Gerald Korson | author
Feb 01, 2019
Filed under Movies

WHAT TO SEE: In the cause of the free

They Shall Not Grow Old
Peter Jackson (director, co-producer)
Runtime: 99 min.
Rated R

Throughout history, courageous soldiers have taken up arms on frontlines in the name of freedom. Some have given all.

Peter Jackson, who directed The Lord of the Rings, created the 2018 documentary film They Shall Not Grow Old to commemorate the centennial of the armistice that ended the Great War on November 11, 1918. While this critically acclaimed work reflects British soldiers’ perspectives of that conflict, their experiences would surely be familiar to millions of Americans who fought alongside them on battlegrounds of Europe.

This compelling film, in limited screenings since December ahead of a broader theatrical and DVD/Blu-ray release in 2019, uses archival footage to tell its story. The documentary consists entirely of film clips culled from Imperial War Museum archives — digitally enhanced through colorization, speed adjustment, and synchronized sound effects — and layered with BBC recorded audio recollections of dozens of veterans who fought in the war.

The film takes us from enlistment to boot camp to the war’s grim battlefields. Often the soldiers, fascinated by the novelty of a hand cranked movie camera, stare hauntingly into the lens. Because they remain nameless faces, they represent every youth, shopkeeper, millworker, or farmer who answered the call to serve.

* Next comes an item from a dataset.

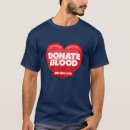 Search for blood donation tshirts Phlebotomy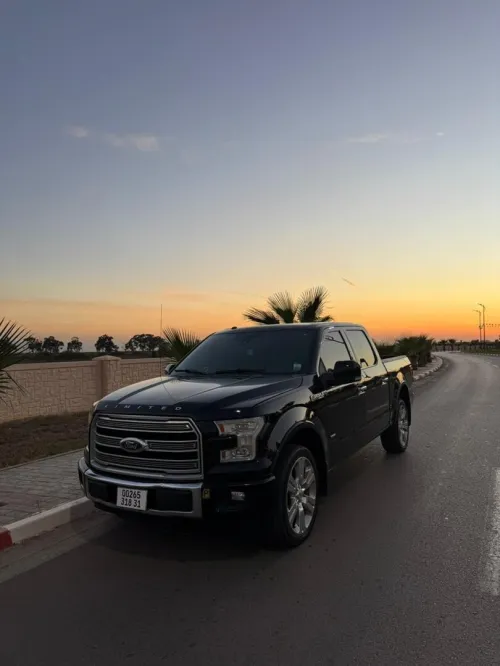 Ford F 150 2018 Limited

They Shall Not Grow Old — title taken from Laurence Binyon’s 1914 poem “For the Fallen” — is not easy viewing. There are frequent graphic images of wounded or shell-shocked men and rotting corpses. Yet there are heartwarming touches, too, in Allied-soldier camaraderie and in their cordial treatment of German prisoners. In final postwar sequences, the veterans’ voices reflect on what soldiers of every war know: that only those who suffered through its horrors can truly understand.

While it sparks contemplation of the tragic realities of battle, it instills respect and admiration for those altruistic young soldiers who were willing to sacrifice life and limb to engage in the “war to end all wars.”